Output exactly, and only, the stretch of lines beginning at the line with "2014-john-deere-1890-image-17" and ending at the last line of the listing below. Drop the pictures.

Information supplied:
BEGIN

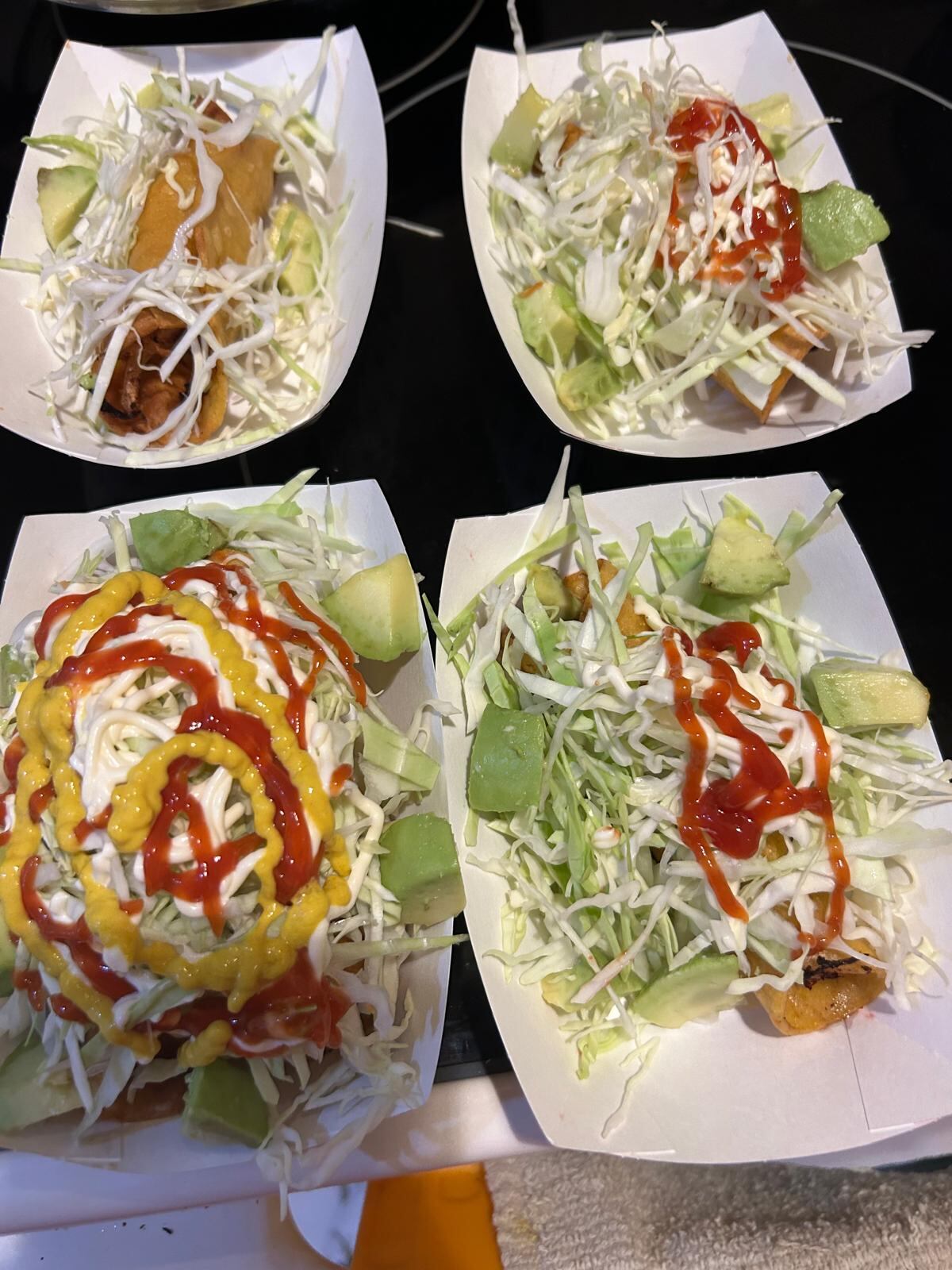 Kenneth Flores Sosa es un tico que vive en Miami y desde el fin de semana pasado arrancó ya con el operativo tamales 2024. El tico vive en Miami y desde hace 5 años comenzó con su proyecto de “Tamales con propósito”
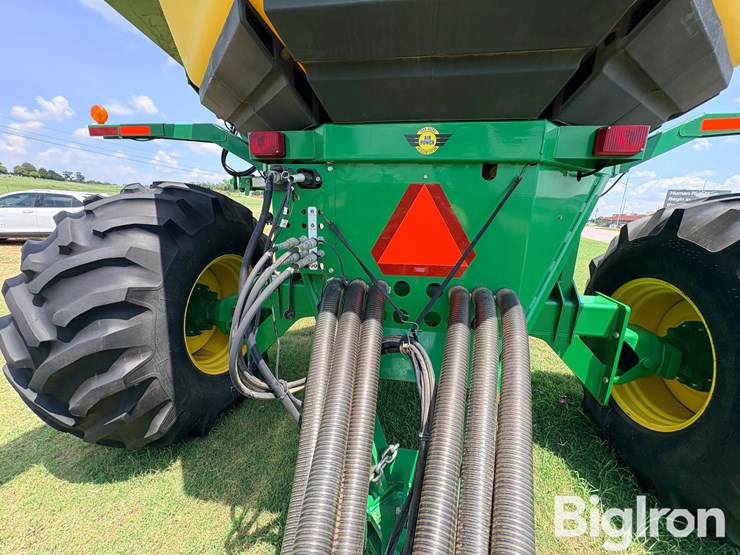 2014-john-deere-1890-image-17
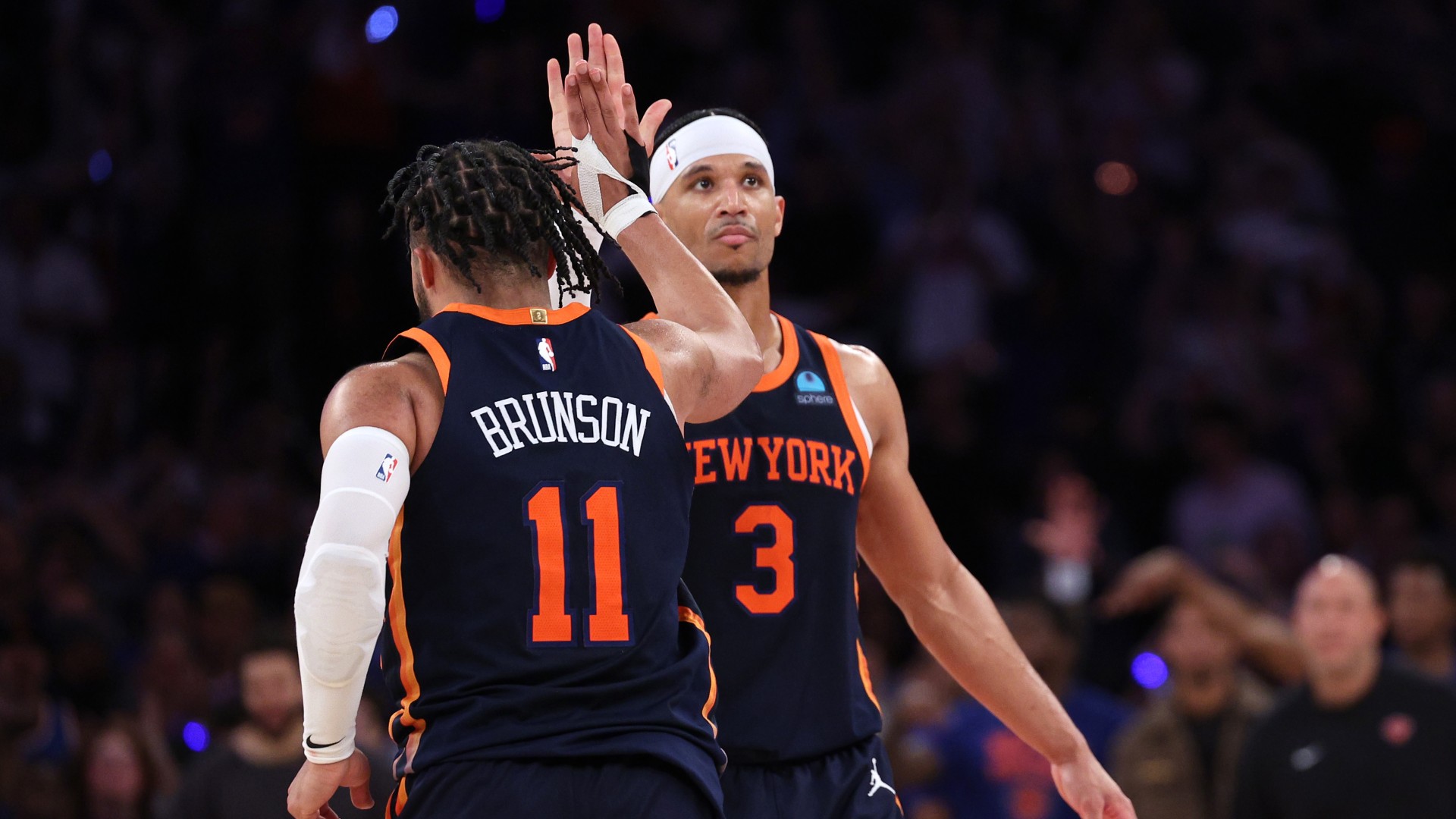 Ailing Brunson lifts Knicks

END

Exercise answer:
 2014-john-deere-1890-image-17
 Ailing Brunson lifts Knicks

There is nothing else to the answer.